▸ Recorded data
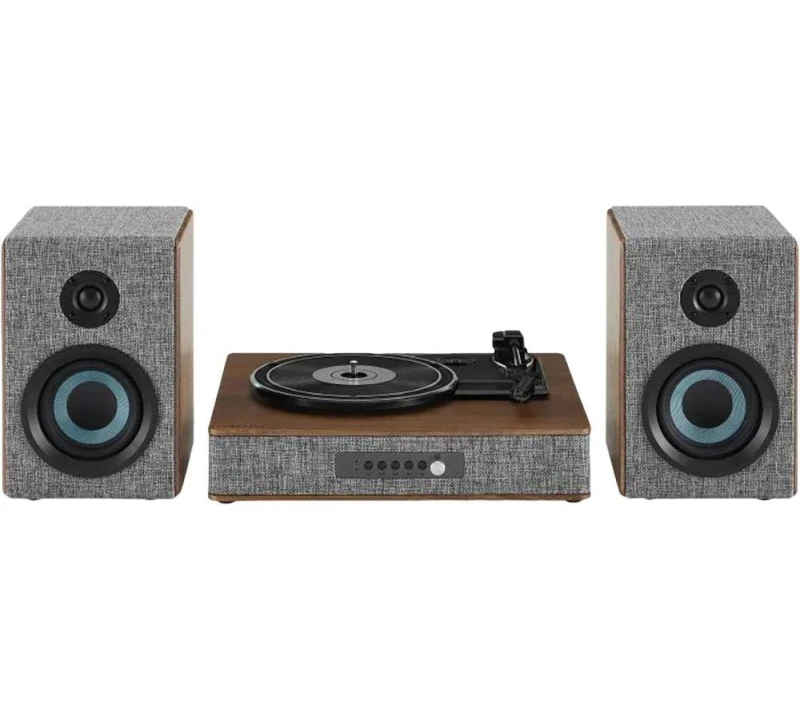 Image of CROSLEY Aria CR7020A-GY4 Belt Drive Bluetooth Turntable, Silver/Grey 710244255622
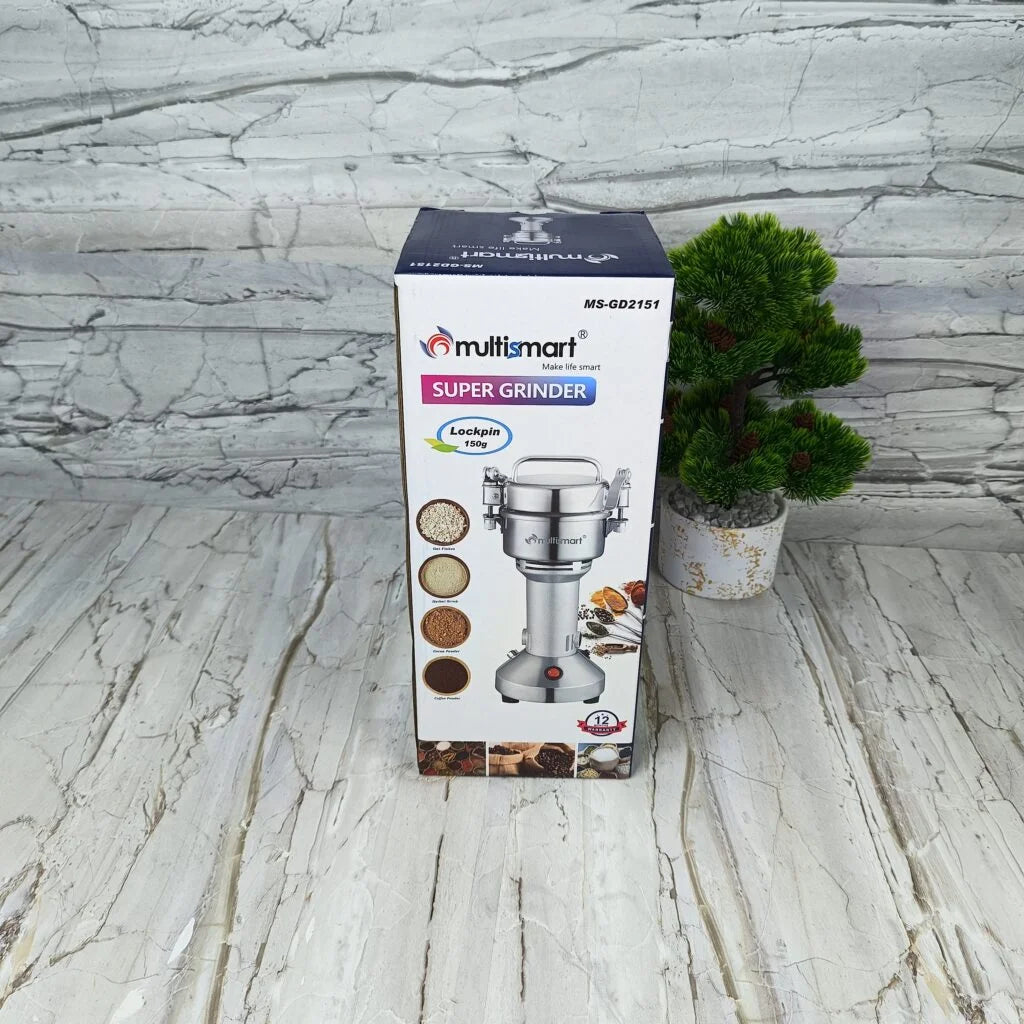 Moulin à épices en INOX multifonctions 150G 850W Multismart MS-GD2151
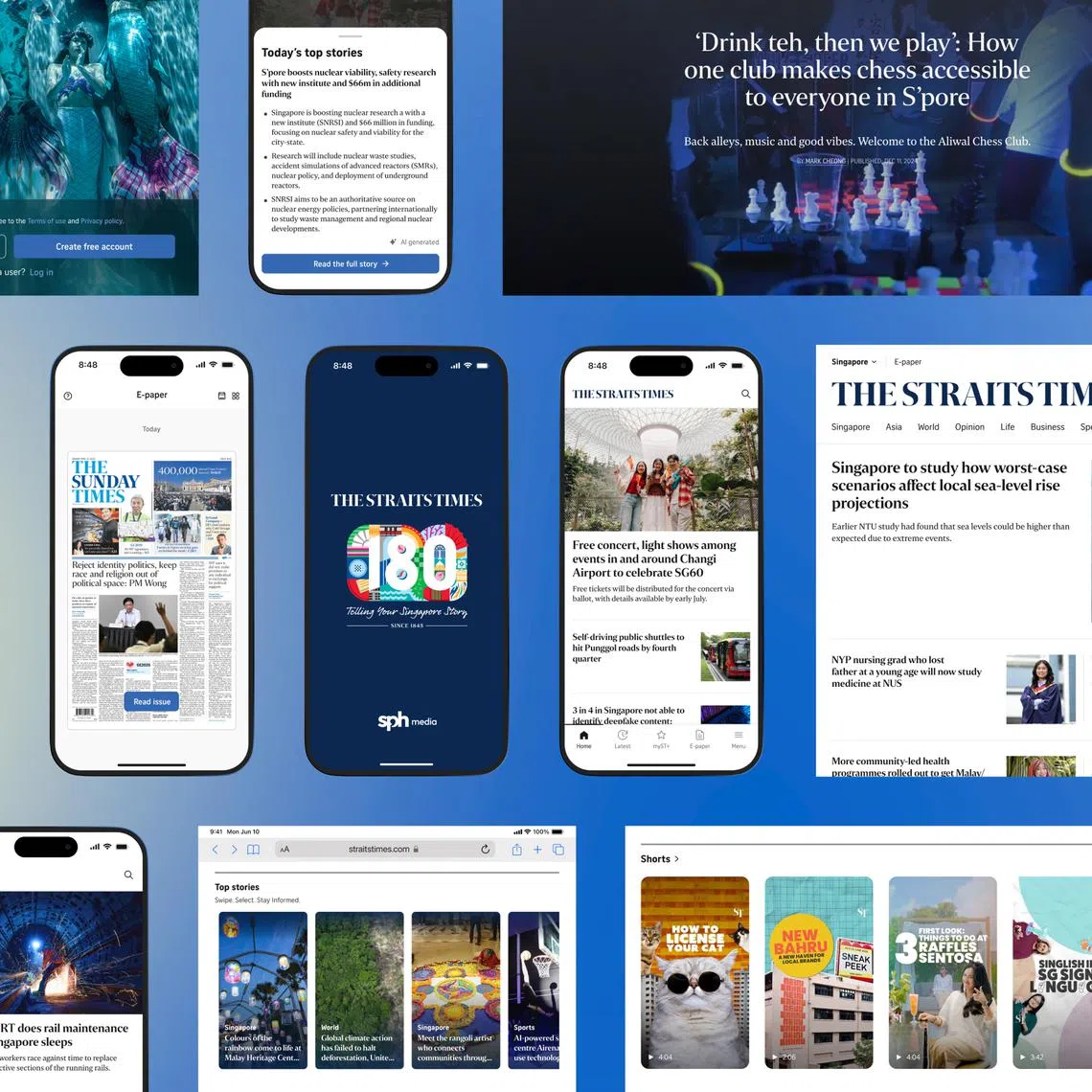 The Straits Times now publishes content in diverse formats and on multiple platforms.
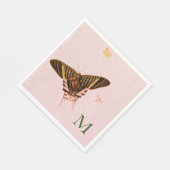 PERSONALISIERTES PAPIER NAPKIN-SCHALTFLÄCHEN IN PI SERVIETTE (Ecke)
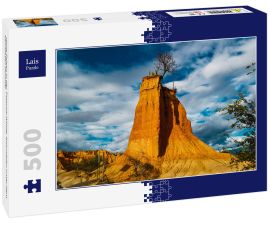 Lais Puzzle - Hohe Felsen in der Tatacoa-Wüste, Kolumbien unter dem bewölkten Himmel - 500 Teile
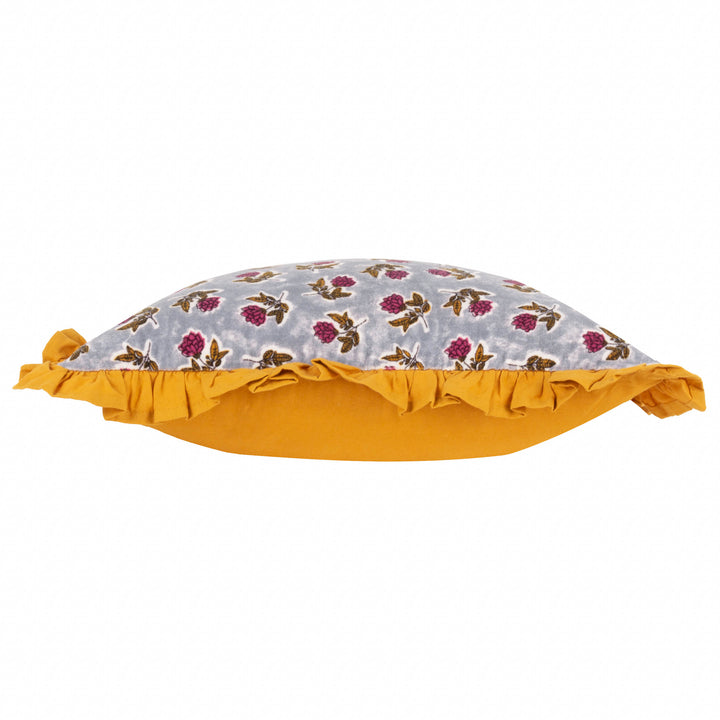 KEMBLE 45X45 CUSHION CASE DELPH BLUE/GOLD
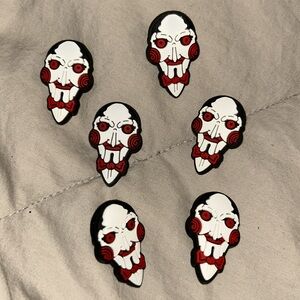 Lot of 6 Saw Horror Movie Jibitz/ Shoe Charms for CROCS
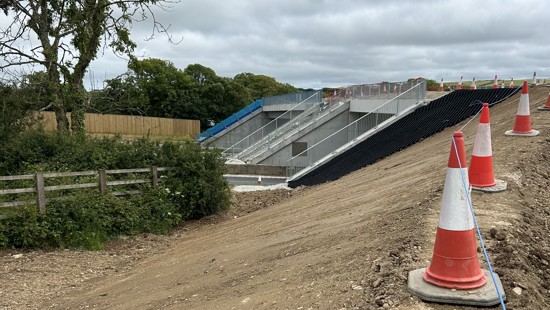 Spades in the soil as National Highways paves the way for Cornwall’s green bridge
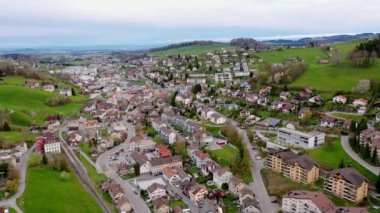 Herisau 'nun hava görüntüsü, İsviçre. 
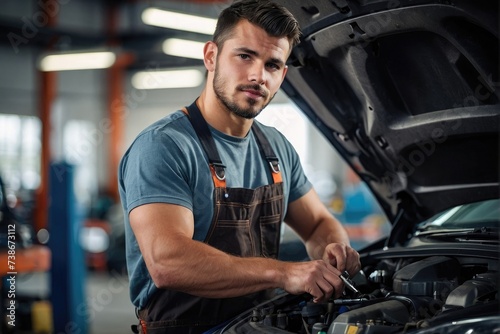 portrait of a mechanic
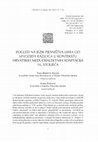 Research paper thumbnail of Pogled na jezik pjesništva „Libra od mnozijeh razloga“ u kontekstu hrvatskih međudijalektnih adaptacija 16. stoljeća [A Look at the Poetic Language of "Libro od mnozijeh razloga" in the Context of 16th Century Croatian Inter-Dialectal Adaptations]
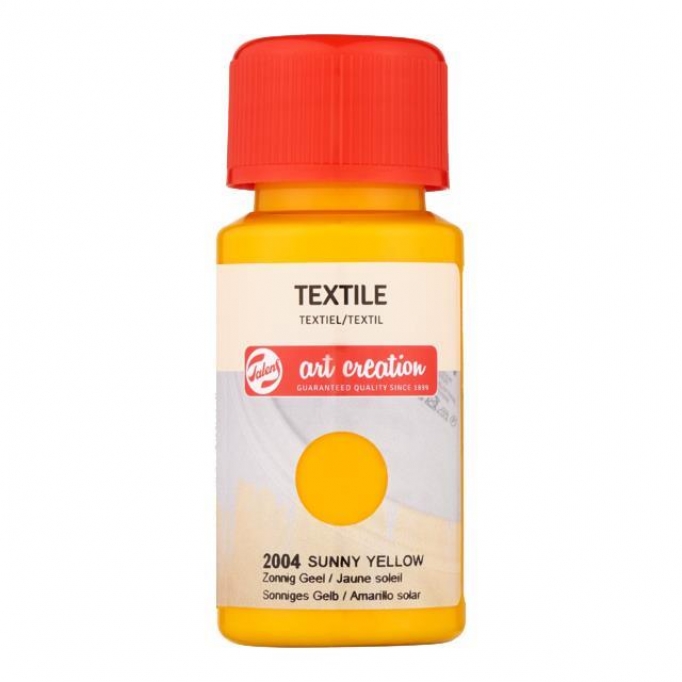 Talens χρώμα textile 2004 sunny yellow 50ml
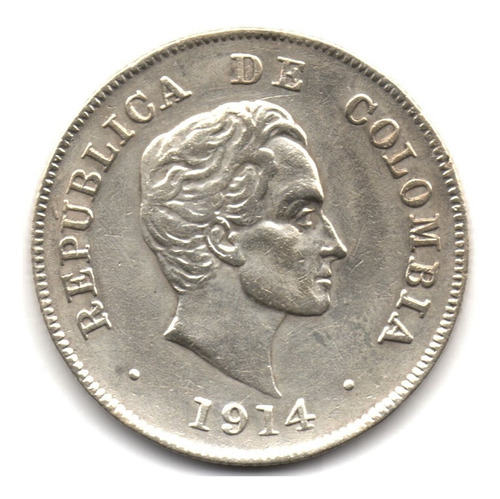 20 Centavos 1914 Plata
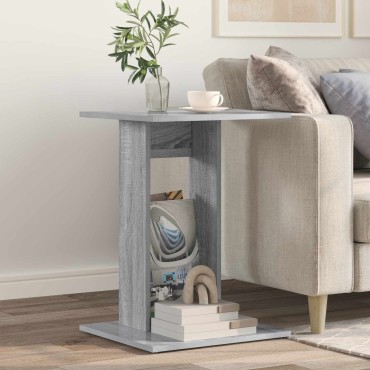 vidaXL Τραπεζάκι Πλευράς Γκρι Sonoma 45x40x62,5cm 1 τεμ.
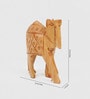 Brown Wood Handicraft Camel Figurine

▸ Required work
Pictures are to be left out. Everything else in the records must be written out exactly.

▸ Response
 Image of CROSLEY Aria CR7020A-GY4 Belt Drive Bluetooth Turntable, Silver/Grey 710244255622
 Moulin à épices en INOX multifonctions 150G 850W Multismart MS-GD2151
 The Straits Times now publishes content in diverse formats and on multiple platforms.
 PERSONALISIERTES PAPIER NAPKIN-SCHALTFLÄCHEN IN PI SERVIETTE (Ecke)
 Lais Puzzle - Hohe Felsen in der Tatacoa-Wüste, Kolumbien unter dem bewölkten Himmel - 500 Teile
 KEMBLE 45X45 CUSHION CASE DELPH BLUE/GOLD
 Lot of 6 Saw Horror Movie Jibitz/ Shoe Charms for CROCS
 Spades in the soil as National Highways paves the way for Cornwall’s green bridge
 Herisau 'nun hava görüntüsü, İsviçre. 
 portrait of a mechanic
 Research paper thumbnail of Pogled na jezik pjesništva „Libra od mnozijeh razloga“ u kontekstu hrvatskih međudijalektnih adaptacija 16. stoljeća [A Look at the Poetic Language of "Libro od mnozijeh razloga" in the Context of 16th Century Croatian Inter-Dialectal Adaptations]
 Talens χρώμα textile 2004 sunny yellow 50ml
 20 Centavos 1914 Plata
 vidaXL Τραπεζάκι Πλευράς Γκρι Sonoma 45x40x62,5cm 1 τεμ.
 Brown Wood Handicraft Camel Figurine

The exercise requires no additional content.